» **EXERCISE PROMPT**
Set down the data below without change, skipping the pictures it holds.

========

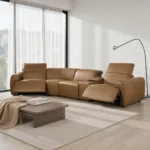 SOLEDAD Recliner Corner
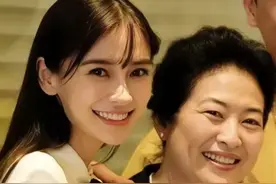 多年后再看妈妈婆婆专业户，有人三嫁老外皆有始无终，马伊琍妈妈家庭事业双丰收#谭松韵 #高圆圆 #王丽云 #李勤勤 #许娣视频封面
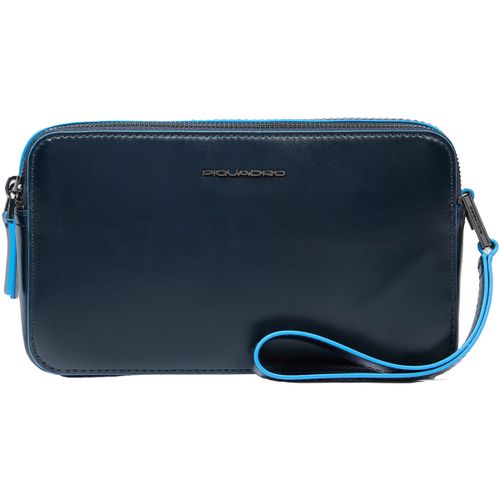 Sacoche Piquadro ac4221b2-blu2 - Piquadro - Modalova
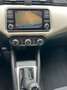 Nissan Micra N-Way**Orginal 15142Km**Ersthand** Albastru - thumbnail 10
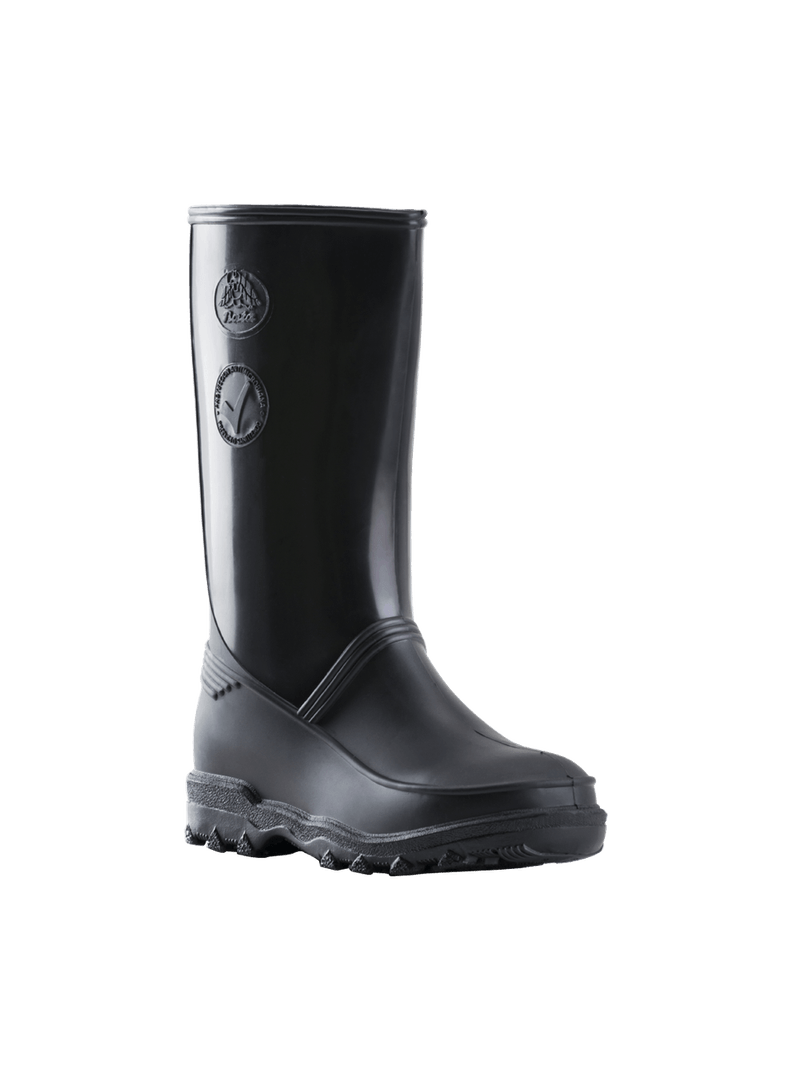 Botas de agua discount punta de fierro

========

» **SOLUTION TO THE EXERCISE**
 SOLEDAD Recliner Corner
 多年后再看妈妈婆婆专业户，有人三嫁老外皆有始无终，马伊琍妈妈家庭事业双丰收#谭松韵 #高圆圆 #王丽云 #李勤勤 #许娣视频封面
 Sacoche Piquadro ac4221b2-blu2 - Piquadro - Modalova
 Nissan Micra N-Way**Orginal 15142Km**Ersthand** Albastru - thumbnail 10
 Botas de agua discount punta de fierro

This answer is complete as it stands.